Short web captions:
******
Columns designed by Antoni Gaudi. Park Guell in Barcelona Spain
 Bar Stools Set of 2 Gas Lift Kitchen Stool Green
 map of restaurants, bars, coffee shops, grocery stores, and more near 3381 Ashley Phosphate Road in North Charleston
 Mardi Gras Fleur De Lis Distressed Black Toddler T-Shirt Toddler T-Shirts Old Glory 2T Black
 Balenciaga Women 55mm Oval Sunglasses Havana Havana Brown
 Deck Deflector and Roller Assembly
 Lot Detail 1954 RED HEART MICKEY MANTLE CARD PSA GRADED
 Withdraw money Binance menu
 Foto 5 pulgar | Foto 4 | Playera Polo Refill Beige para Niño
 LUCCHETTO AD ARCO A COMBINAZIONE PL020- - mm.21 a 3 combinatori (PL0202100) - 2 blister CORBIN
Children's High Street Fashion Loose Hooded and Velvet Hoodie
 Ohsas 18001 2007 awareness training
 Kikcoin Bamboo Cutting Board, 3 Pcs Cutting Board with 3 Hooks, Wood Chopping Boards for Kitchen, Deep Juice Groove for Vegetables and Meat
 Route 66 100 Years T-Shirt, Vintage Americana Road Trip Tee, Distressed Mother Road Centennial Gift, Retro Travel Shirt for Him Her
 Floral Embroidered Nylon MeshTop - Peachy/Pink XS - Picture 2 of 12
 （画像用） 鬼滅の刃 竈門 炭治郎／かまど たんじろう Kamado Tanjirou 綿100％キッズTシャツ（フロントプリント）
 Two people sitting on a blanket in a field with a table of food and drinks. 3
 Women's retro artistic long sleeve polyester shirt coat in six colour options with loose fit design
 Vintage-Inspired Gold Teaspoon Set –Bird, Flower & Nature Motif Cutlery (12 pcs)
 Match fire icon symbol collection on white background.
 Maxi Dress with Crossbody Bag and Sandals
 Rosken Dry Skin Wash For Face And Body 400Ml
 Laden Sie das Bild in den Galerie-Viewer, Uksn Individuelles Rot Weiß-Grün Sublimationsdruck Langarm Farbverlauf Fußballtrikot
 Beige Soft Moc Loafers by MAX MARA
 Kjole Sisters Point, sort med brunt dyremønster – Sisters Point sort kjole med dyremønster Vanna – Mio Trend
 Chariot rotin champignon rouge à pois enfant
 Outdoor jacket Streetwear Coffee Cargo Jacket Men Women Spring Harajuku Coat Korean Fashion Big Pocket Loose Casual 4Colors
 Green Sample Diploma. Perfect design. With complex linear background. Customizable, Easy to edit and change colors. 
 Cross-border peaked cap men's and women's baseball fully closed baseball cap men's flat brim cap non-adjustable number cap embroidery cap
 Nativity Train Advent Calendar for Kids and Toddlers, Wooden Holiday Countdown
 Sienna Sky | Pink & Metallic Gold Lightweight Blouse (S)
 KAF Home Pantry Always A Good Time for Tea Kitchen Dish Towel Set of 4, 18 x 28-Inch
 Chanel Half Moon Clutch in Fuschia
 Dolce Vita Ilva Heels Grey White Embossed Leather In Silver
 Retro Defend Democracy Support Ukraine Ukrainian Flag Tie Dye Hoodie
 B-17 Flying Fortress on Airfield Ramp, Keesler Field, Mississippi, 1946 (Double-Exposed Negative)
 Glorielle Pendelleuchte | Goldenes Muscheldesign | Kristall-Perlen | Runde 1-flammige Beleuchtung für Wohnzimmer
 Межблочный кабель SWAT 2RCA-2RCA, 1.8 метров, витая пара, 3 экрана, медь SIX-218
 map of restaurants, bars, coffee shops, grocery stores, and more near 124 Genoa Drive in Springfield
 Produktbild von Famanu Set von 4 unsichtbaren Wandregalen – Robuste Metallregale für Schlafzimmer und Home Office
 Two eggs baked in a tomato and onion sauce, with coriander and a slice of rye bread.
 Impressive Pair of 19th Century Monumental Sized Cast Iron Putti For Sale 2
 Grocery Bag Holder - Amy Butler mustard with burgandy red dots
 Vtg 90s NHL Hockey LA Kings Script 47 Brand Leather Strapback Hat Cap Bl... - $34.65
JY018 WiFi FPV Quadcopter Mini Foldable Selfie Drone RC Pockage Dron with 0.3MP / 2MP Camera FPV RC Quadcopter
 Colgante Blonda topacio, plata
******
> **Problem details**
Beginning at the line with "Foto 5 pulgar" and ending at the line with "Laden Sie das", reproduce each line of the data above exactly, and add no other lines.

> **Output of the task**
 Foto 5 pulgar | Foto 4 | Playera Polo Refill Beige para Niño
 LUCCHETTO AD ARCO A COMBINAZIONE PL020- - mm.21 a 3 combinatori (PL0202100) - 2 blister CORBIN
Children's High Street Fashion Loose Hooded and Velvet Hoodie
 Ohsas 18001 2007 awareness training
 Kikcoin Bamboo Cutting Board, 3 Pcs Cutting Board with 3 Hooks, Wood Chopping Boards for Kitchen, Deep Juice Groove for Vegetables and Meat
 Route 66 100 Years T-Shirt, Vintage Americana Road Trip Tee, Distressed Mother Road Centennial Gift, Retro Travel Shirt for Him Her
 Floral Embroidered Nylon MeshTop - Peachy/Pink XS - Picture 2 of 12
 （画像用） 鬼滅の刃 竈門 炭治郎／かまど たんじろう Kamado Tanjirou 綿100％キッズTシャツ（フロントプリント）
 Two people sitting on a blanket in a field with a table of food and drinks. 3
 Women's retro artistic long sleeve polyester shirt coat in six colour options with loose fit design
 Vintage-Inspired Gold Teaspoon Set –Bird, Flower & Nature Motif Cutlery (12 pcs)
 Match fire icon symbol collection on white background.
 Maxi Dress with Crossbody Bag and Sandals
 Rosken Dry Skin Wash For Face And Body 400Ml
 Laden Sie das Bild in den Galerie-Viewer, Uksn Individuelles Rot Weiß-Grün Sublimationsdruck Langarm Farbverlauf Fußballtrikot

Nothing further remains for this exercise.